Droht Notstand in den Kitas?

Gewerkschaft Verdi schlägt Alarm: Es fehlen Fachkräfte

Die Gewerkschaft Verdi schlägt Alarm: Immer mehr Stellen in Kindergärten seien unbesetzt, Fachkräfte zunehmend schwerer zu finden.

27.05.2017

Von Volker Rekittke

Wir brauchen dringend gut ausgebildete Fachkräfte in den Kitas“, sagte die Reutlinger Verdi-Sekretärin Özge Aygün gestern bei einer Pressekonferenz: „Viele Kolleginnen in der Region arbeiten am Anschlag.“ Die Kapazitäten seien ausgeschöpft. In Tübinger wie in Reutlinger Kitas mache sich der Fachkräftemangel immer mehr bemerkbar – aufgrund des in den vergangenen Jahren stetig ausgebauten Betreuungsangebots, aber auch wegen der in beiden Städten wachsenden Bevölkerung. Tübingens Erste Bürgermeisterin Christine Arbogast bestätigte später auf TAGBLATT-Nachfrage: „Es werden nicht genügend pädagogische Fachkräfte ausgebildet.“

Die Folgen sind laut Aygün eine relativ hohe Fluktuation unter Erzieherinnen, vermehrte Krankmeldungen – und zunehmend Überlast- sowie Gefährdungsanzeigen. Mit letzteren müssten sich die Kita-Beschäftigten etwa bei Personalknappheit „aus Haftungsgründen“ absichern. „Es darf nicht krankmachen, mit Kindern zu arbeiten“, sagte Verdi-Bezirkssekretär Benjamin Stein. Und beim Thema Betreuungsschlüssel sei „Masse nicht gleich Klasse“, so Aygün.

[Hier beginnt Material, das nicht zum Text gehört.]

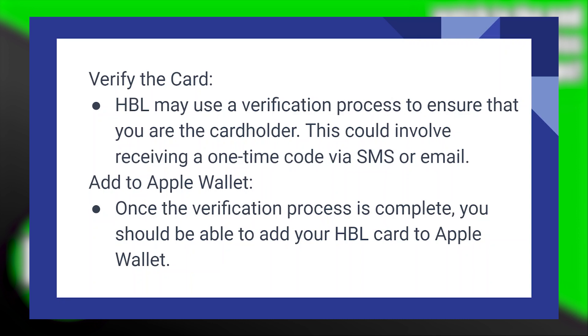HBL may use a verification process to ensure that you are the cardholder. This could involve receiving a one-time code via SMS or email.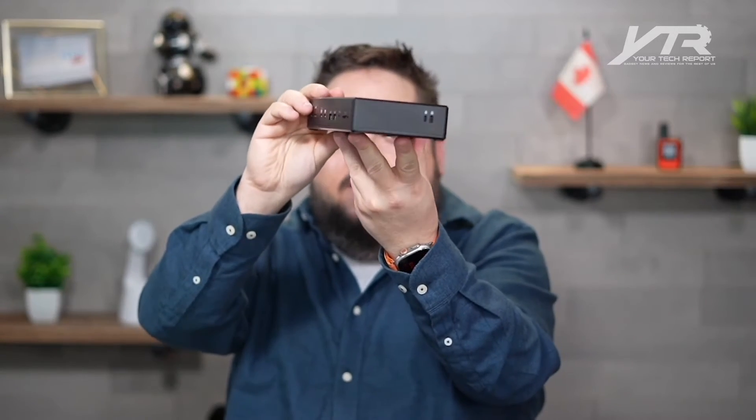As you can see, the form factor is compact. It fits in my hands quite nicely — very slim, could sit on any desk. It's got a power button on the side so you can turn it on and off selectively.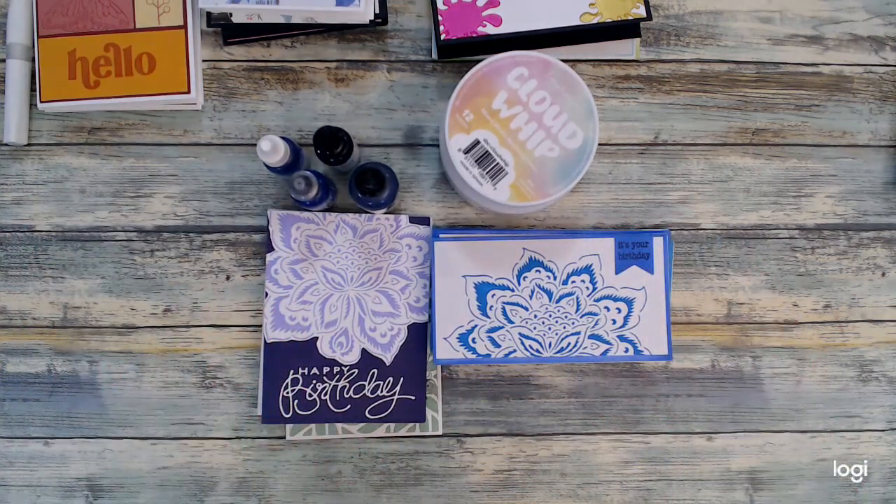Those are my cards for this month's Smash Our Stash. I hope it has inspired you to give it a whirl, dive into your stash, and see what you have and what you can create. Until my next video, friends — I hope your day is a crafty day. Thanks so much for watching. We'll see you again soon. Take care. Bye bye.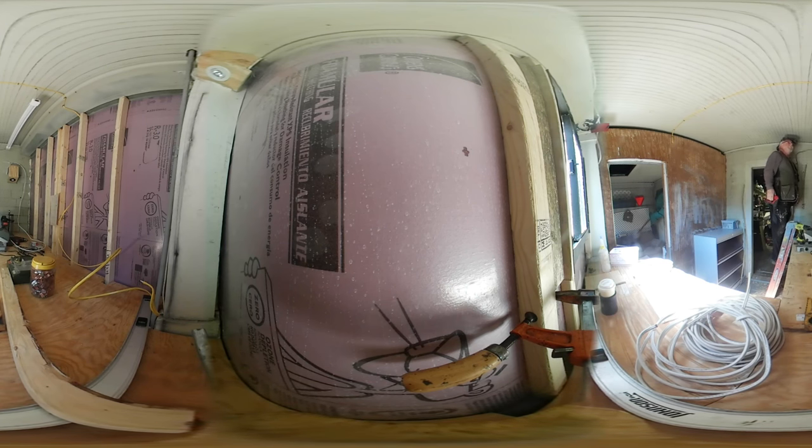Why do I have those staples up there? What did I have run up there? I don't remember. They're only on this side. Well, I ain't going to worry about it. Let's do it just like this — this way I don't have to worry about that one either.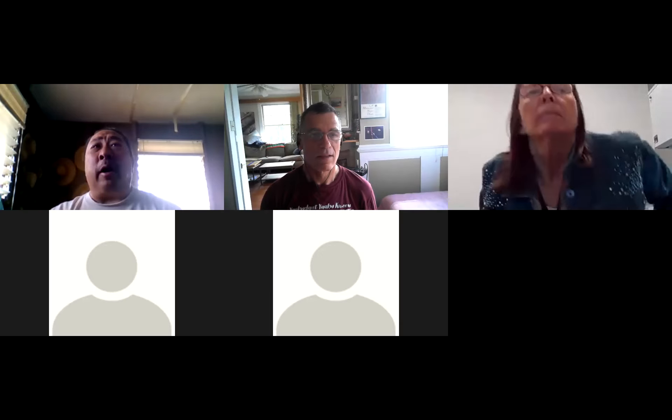Aloha, y'all. Good morning, guys. Give me a call later. Yeah, I was talking to Steve. We're going to talk about all that stuff.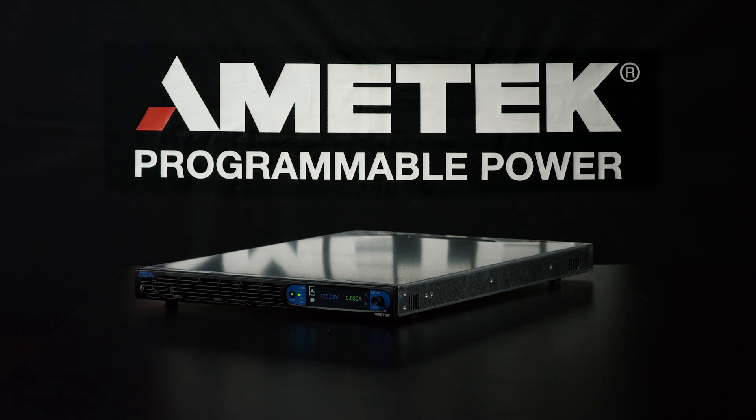This was the quick start guide to the AST 1501 in the Asterion series, brought to you by Ametek Programmable Power.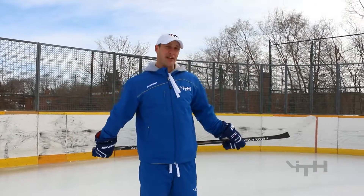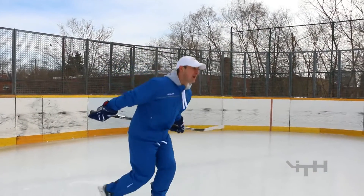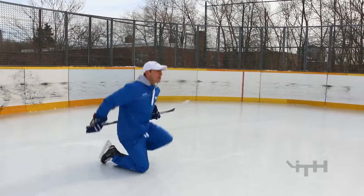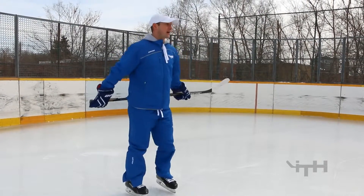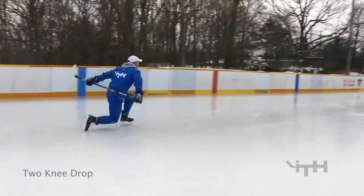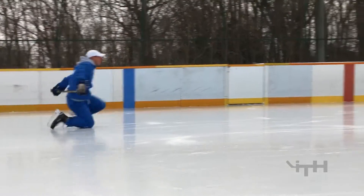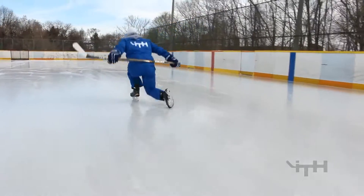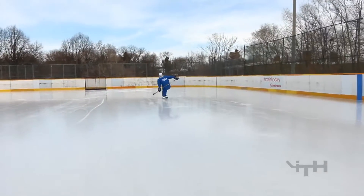We're going to want to see how quickly the players can get up. I always recommend that when they fall and when they go down, they go down to their two knees and just see if they can quickly jump straight up to their feet. It doesn't matter which leg lifts them up first, but it's a good idea to alternate on both. Next one's in.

Auch wenn Verdi in den Tarifrunden 2009 und 2015 für höhere Löhne und mehr Anerkennung stritt. Noch immer gelte, so Stein: „An Autos zu schrauben ist viel anerkannter, als Kinder zu betreuen.“ Besser bezahlt ist es meist auch. Noch immer ergreifen fast ausschließlich Frauen den Beruf.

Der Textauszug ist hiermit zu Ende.